Some weeks ago--to help meet the enemy's new offensive--we sent to Vietnam about 11,000 additional Marine and airborne troops. They were deployed by air in 48 hours, on an emergency basis. But the artillery, tank, aircraft, medical, and other units that were needed to work with and to support these infantry troops in combat could not then accompany them by air on that short notice.

In order that these forces may reach maximum combat effectiveness, the Joint Chiefs of Staff have recommended to me that we should prepare to send--during the next 5 months--support troops totaling approximately 13,500 men.

A portion of these men will be made available from our active forces. The balance will come from reserve component units which will be called up for service.

The actions that we have taken since the beginning of the year:

--to reequip the South Vietnamese forces,
--to meet our responsibilities in Korea, as well as our responsibilities in Vietnam,
--to meet price increases and the cost of activating and deploying reserve forces,
--to replace helicopters and provide the other military supplies we need, all of these actions are going to require additional expenditures.

The tentative estimate of those additional expenditures is $2.5 billion in this fiscal year, and $2.6 billion in the next fiscal year.

These projected increases in expenditures for our national security will bring into sharper focus the Nation's need for immediate action: action to protect the prosperity of the American people and to protect the strength and the stability of our American dollar.

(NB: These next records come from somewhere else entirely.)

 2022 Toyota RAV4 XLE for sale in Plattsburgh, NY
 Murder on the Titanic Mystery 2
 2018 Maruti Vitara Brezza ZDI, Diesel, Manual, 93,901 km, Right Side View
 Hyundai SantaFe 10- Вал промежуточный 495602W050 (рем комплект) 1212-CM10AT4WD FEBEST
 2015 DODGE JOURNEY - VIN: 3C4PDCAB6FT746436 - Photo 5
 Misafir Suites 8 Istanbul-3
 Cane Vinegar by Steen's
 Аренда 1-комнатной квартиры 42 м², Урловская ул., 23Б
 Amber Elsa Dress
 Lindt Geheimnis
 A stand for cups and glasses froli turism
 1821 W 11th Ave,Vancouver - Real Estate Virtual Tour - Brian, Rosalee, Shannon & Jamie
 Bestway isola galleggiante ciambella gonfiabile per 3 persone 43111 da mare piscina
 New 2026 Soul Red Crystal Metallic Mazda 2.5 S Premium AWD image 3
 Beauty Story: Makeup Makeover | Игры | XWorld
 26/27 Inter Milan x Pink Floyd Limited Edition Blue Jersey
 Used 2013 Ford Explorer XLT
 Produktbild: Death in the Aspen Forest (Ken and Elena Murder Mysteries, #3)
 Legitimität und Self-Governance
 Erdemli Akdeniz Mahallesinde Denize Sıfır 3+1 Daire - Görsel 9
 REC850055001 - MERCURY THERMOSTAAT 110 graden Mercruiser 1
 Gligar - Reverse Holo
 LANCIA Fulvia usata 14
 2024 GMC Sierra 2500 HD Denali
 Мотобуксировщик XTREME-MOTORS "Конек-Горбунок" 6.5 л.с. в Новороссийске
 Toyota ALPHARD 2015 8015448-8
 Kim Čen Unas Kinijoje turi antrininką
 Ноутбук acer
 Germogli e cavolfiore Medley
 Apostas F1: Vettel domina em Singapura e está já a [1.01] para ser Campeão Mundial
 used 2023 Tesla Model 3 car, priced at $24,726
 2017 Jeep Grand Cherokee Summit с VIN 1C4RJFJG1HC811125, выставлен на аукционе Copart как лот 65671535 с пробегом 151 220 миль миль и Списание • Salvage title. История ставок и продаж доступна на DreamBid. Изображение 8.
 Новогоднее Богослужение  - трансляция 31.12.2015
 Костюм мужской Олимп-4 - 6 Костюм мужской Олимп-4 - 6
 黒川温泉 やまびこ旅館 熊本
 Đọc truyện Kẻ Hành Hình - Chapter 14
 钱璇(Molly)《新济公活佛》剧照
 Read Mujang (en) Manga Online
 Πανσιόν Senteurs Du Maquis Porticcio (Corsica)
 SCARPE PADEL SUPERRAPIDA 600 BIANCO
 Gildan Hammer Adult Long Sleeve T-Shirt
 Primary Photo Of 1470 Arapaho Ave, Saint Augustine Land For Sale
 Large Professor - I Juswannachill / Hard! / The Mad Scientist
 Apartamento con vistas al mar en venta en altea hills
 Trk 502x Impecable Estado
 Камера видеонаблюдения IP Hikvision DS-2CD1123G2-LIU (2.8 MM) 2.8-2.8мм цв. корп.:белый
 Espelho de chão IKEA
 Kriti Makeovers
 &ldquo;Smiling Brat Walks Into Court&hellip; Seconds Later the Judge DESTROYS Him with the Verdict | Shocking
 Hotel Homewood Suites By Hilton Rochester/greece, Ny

On many occasions I have pointed out that, without a tax bill or decreased expenditures, next year's deficit would again be around $20 billion. I have emphasized the need to set strict priorities in our spending. I have stressed that failure to act and to act promptly and decisively would raise very strong doubts throughout the world about America's willingness to keep its financial house in order.

Yet Congress has not acted. And tonight we face the sharpest financial threat in the postwar era--a threat to the dollar's role as the keystone of international trade and finance in the world.

Last week, at the monetary conference in Stockholm, the major industrial countries decided to take a big step toward creating a new international monetary asset that will strengthen the international monetary system. I am very proud of the very able work done by Secretary Fowler and Chairman Martin of the Federal Reserve Board.

But to make this system work the United States just must bring its balance of payments to--or very close to--equilibrium. We must have a responsible fiscal policy in this country. The passage of a tax bill now, together with expenditure control that the Congress may desire and dictate, is absolutely necessary to protect this Nation's security, to continue our prosperity, and to meet the needs of our people.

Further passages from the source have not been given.